Toutes ces sociétés de conseils d'avocats, élus au parlement, ce n'est ni plus, ni moins que du trafic d'influence. On achète bon marché, une pute vieillissante. Même pas une belle fille.

Même le montant des salaires de la famille, ça rase les pâquerettes pour les grands capitalistes. Le smicard de la politique, les restos du coeur du plouc sarthois.

Il avait un rôle tout trouvé dans la présidentielle, celui du mouton sacrifié pour l'holocauste. Pas celui qui arrive en haut du podium. Mais il ne l'a pas compris.

D'ailleurs, on peut franchement se demander si ce n'est pas toute la classe politique qui est destinée par la classe dirigeante à l'holocauste. Quand le peuple râle, il faut bien lui donner des têtes à faire rouler dans la sciure.

Elle était mignonne, cette petite classe dirigeante, et si bon marché. Des vacances chez Costa croisière, et paf, le benêt en fait dans sa culotte de contentement. Il peut revenir au pouvoir ? Il fera quelques conférences surpayés certes, vu leur qualité intrinsèque (en dessous de zéro), mais si bon marché. Et l'autre nain sera content.

Le suivant sera encore meilleur marché. Un bon tuteur, il fera tout ce qu'on lui dit. Sans aucune idée personnelle. C'est pas beau la vie ? Après, une fois la plante crevée à 4 %, on prendra le tuteur pour le remplacer. Il est si beau, ce tuteur...

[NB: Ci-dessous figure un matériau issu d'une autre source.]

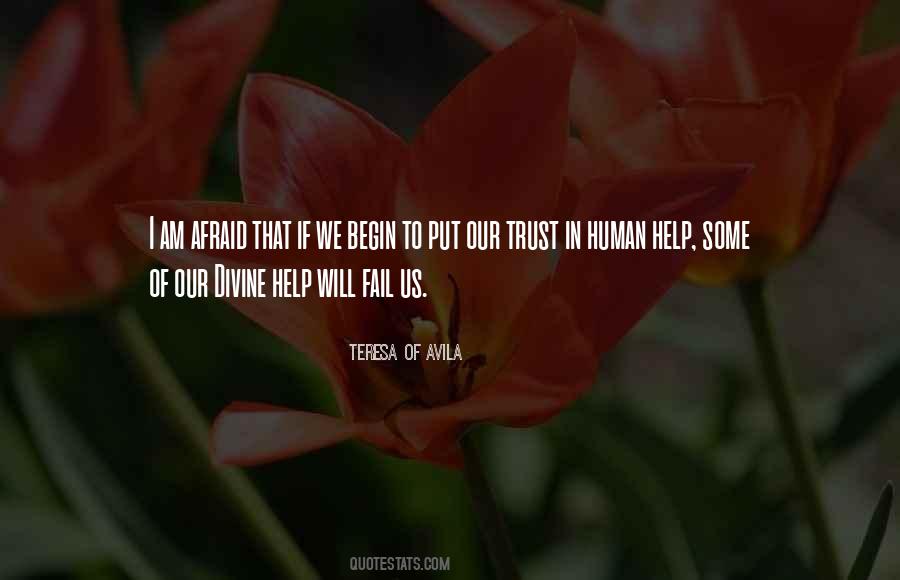 Saint Teresa Of Avila Quotes #1715409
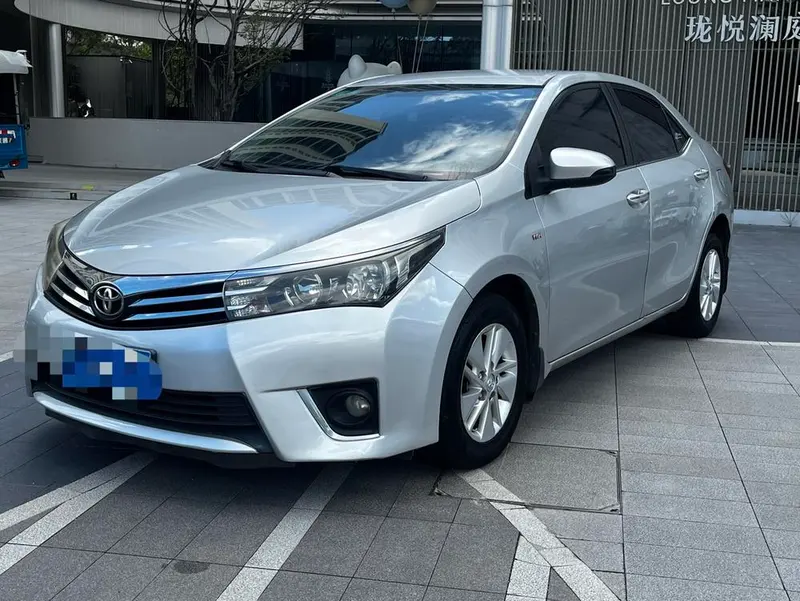 Toyota Corolla, 2014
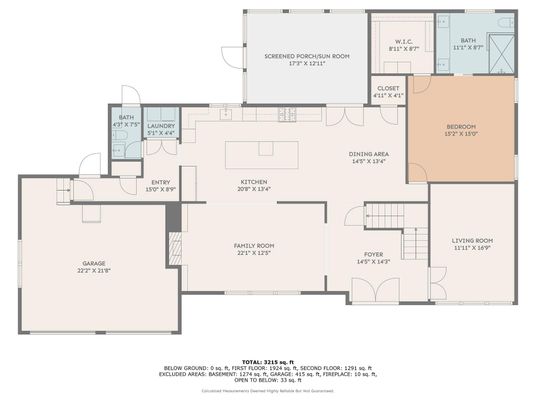 Floorplan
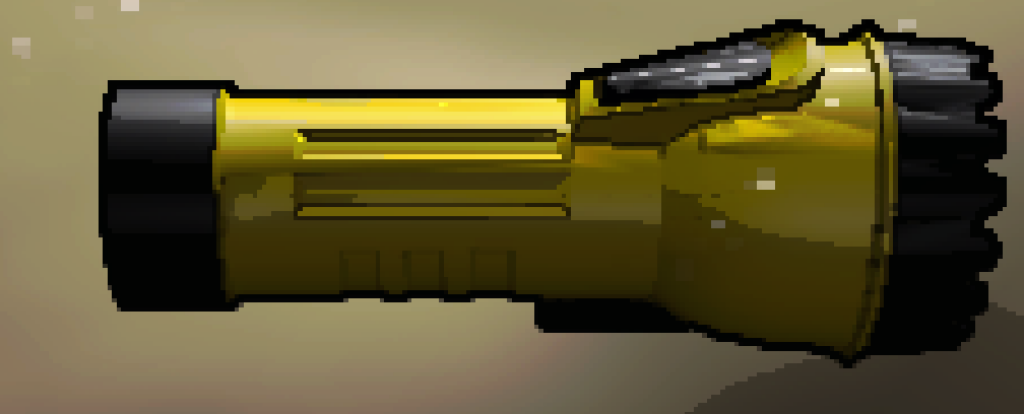Lethal Company - pro-flashlight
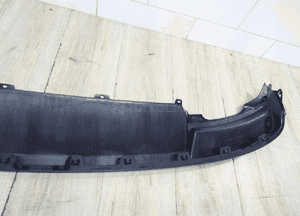 Skoda superb 3 iii dokładka dyfuzor spoiler zderzaka tył 3V5807521 6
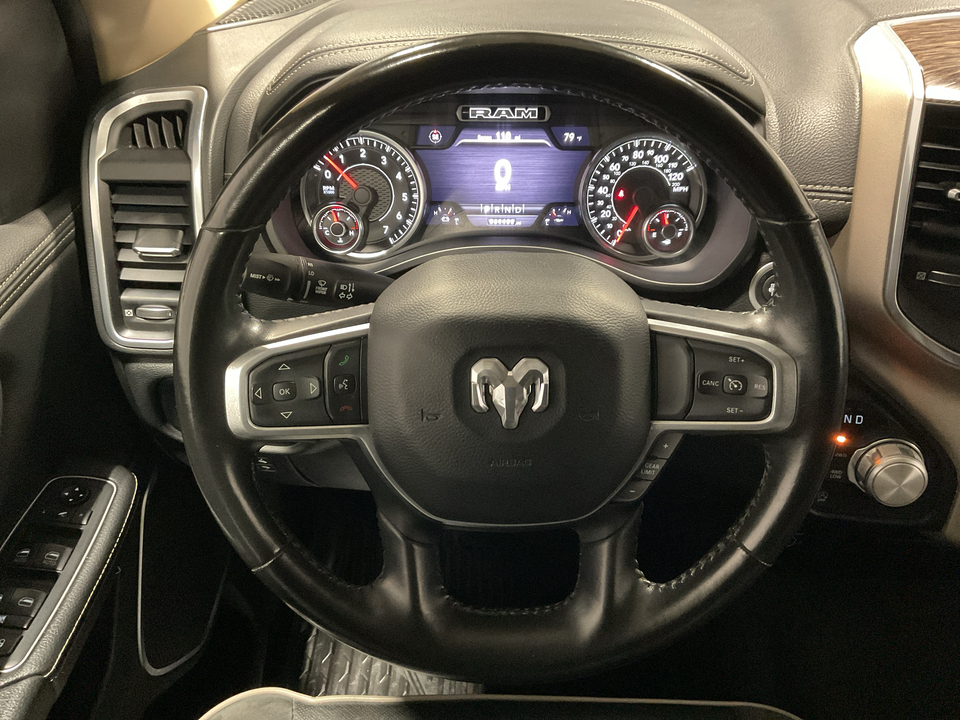 2020 Ram 1500 Laramie Crew Cab SWB 4WD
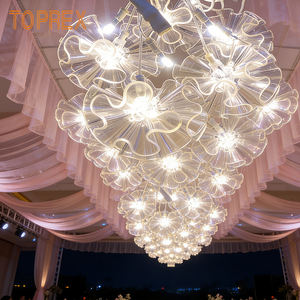 Expédition rapide, en stock : Guirlande lumineuse d'intérieur 1,7 m, 10 fleurs, blanc chaud, à brancher, décorative, pour fêtes, mariages et décoration intérieure - Product Image 2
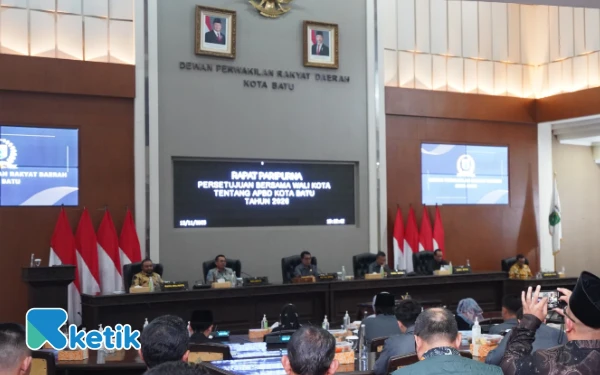 Pemkot Batu Proyeksikan Pendapatan Daerah 2026 Rp926,52 Miliar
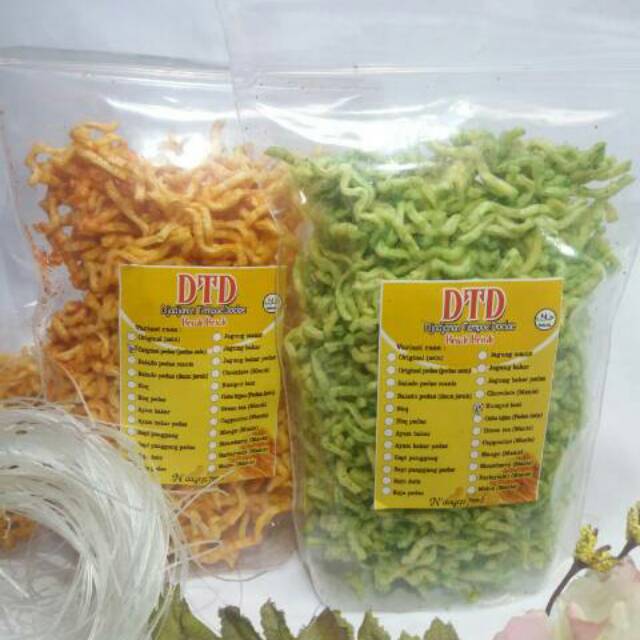 

Mie kriting / Mie kriting 100 gram / mie keriting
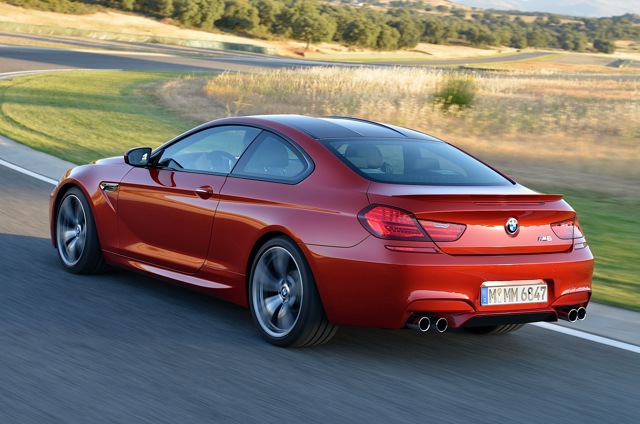 Bmw M6 Coupe Foto 23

Il est savoureux de voir les médias mis au pilori, parce ceux là même qui l'avaient soutenu depuis si longtemps. Le parti "les républicains", qui se plaint du traitement médiatique ? Au FN on doit tellement rire qu'on doit aussi se rouler par terre...

Pour le châtelain, bien sûr que pour le commun des mortels, ces sommes sont astronomiques, et scandaleuses, et il est pris les "doit" dans le pot de confiture, surtout quand on prêche à ces salauds une austérité éternelle pour avoir droit au paradis (néo-libéral d'une concurrence libre et non faussée, comme pour l'accès à la fonction d'attachée parlementaire).  A leur véritable échelle, c'est le mec qui a fait le tronc de l'église, celui qui a dépouillé le gamin de son argent de poche.

Quand à celui qui servait de tuteur, vous savez, le gendre idéal, sa campagne électorale est époustouflante : pt'êt ben... Comme slogan électoral, c'est pas mal, surtout en Normandie, mais son germanisme doit quand même en faire râler quelques uns, dans la classe dirigeante.

Bref, on vit une époque formidable, et le bonneteau passe sur le parapluie, où qu'il est, où qu'il est, l'as de pique ???

Quand à certains méprisants, ils viennent de découvrir, eux aussi, leur statut de plouc. Il faut dire, il y a 40 ans, qu'ils se comportent comme des larbins et des ploucs, normal qu'on les traite comme tels. Le torche-cul, c'est à jeter après usage. Personne ne les conserve.